The vision of an empty fire station in Glenwood Springs keeps Fire Chief Gary Tillotson up nights. Should a fire break out or someone need medical aid, help would have to come from further away — meaning much longer response times when people can least afford them.

The vast majority of the fire department’s calls are for medical emergencies like heart attacks and strokes, Tillotson said — situations in which the chances of death escalate dramatically if responders don’t arrive within five to seven minutes.

But if the department’s $4 million annual budget dwindles any further, that vision of empty fire stations and delayed response times will become a reality.

The coronavirus pandemic has already meant a costly drop in sales tax revenue for the Glenwood Springs Fire Department, and the economic devastation the pandemic is wreaking — combined with a state law called the Gallagher Amendment — means local governments’ property tax revenues will suffer for years to come.

“It’s an insurmountable obstacle,” Tillotson said. “We work on a relatively meager operations budget anyway and with the current devastation to our sales tax, we’re already having to cut back and basically we’re furloughing our firefighters. Any further cuts are going to reduce service.”

Read more via The Denver Post.

Eagle County launches COVID-19 budget trimming discussions

As Eagle County businesses and residents begin their transition from COVID-19 lockdown, county officials know the full financial ramifications of the virus have yet to hit.

But when they do, local officials expect a wallop.

While it is too early to tie down actual numbers, this week the Eagle County Commissioners began talking about priorities. Or, rather, they began talking about how they will determine priorities.

“We are on strong financial footing. We can weather this storm. But we will have to make some hard decisions in 2021 and 2022,” said Eagle County Finance Director Jill Klosterman during a discussion with the commissioners.

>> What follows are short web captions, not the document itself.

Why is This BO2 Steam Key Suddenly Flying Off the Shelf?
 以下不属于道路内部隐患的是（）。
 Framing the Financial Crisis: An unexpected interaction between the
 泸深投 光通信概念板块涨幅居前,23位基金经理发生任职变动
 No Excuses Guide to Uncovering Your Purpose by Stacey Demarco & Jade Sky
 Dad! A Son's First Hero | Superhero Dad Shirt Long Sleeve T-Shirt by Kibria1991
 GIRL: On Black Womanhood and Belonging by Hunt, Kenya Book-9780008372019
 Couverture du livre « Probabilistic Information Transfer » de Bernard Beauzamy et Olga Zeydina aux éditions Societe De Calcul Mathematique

Right now, the county has more than $30 million in its general fund reserves. The commissioners dipped into those reserves earlier this spring to fund two resident assistance programs. Reserves can also be used to balance the county budget if expenditures outpace revenues, but that’s not a sustainable solution and it could leave the county in a precarious position if another emergency arises.

The alternative, naturally, is to reduce spending. But the county wants to be thoughtful about how it cuts back.

“Cutting with a scalpel instead of a hatchet is the intent,” Klosterman said.

Morale and integrity

As the county embarks on its budget priorities discussions, personnel decisions will be one of the touchiest subjects. At the same time, it is a subject that’s hard to avoid. As Klosterman noted, 45% of the county’s operating budget goes to salaries and benefits. 

“We want to allow for natural attrition to lead the cuts,” Klosterman said.

Eagle County Manager Jeff Shroll supported Klosterman’s proposed surgical approach to budget cuts, noting that it has taken years for the county to recover from the early retirement and reductions in force that followed the economic downturn in 2008.

“That doesn’t mean we won’t lose folks,” Shroll noted. “But we want to recognize how powerful our organization is and be careful with that integrity.”

The county will begin formulating its post COVID-19 budget priorities in early June during a special retreat. The tentative date for the work session is Monday, June 8.

Key strategies

Even before the retreat begins, the county knows it has some key budget responsibilities including the delivery of core and essential services. But defining what makes a service “core and essential” is another task county leaders will grapple with. 

“We won’t have the luxury of doing core and essential services and some other things,” said Commissioner Kathy Chandler-Henry.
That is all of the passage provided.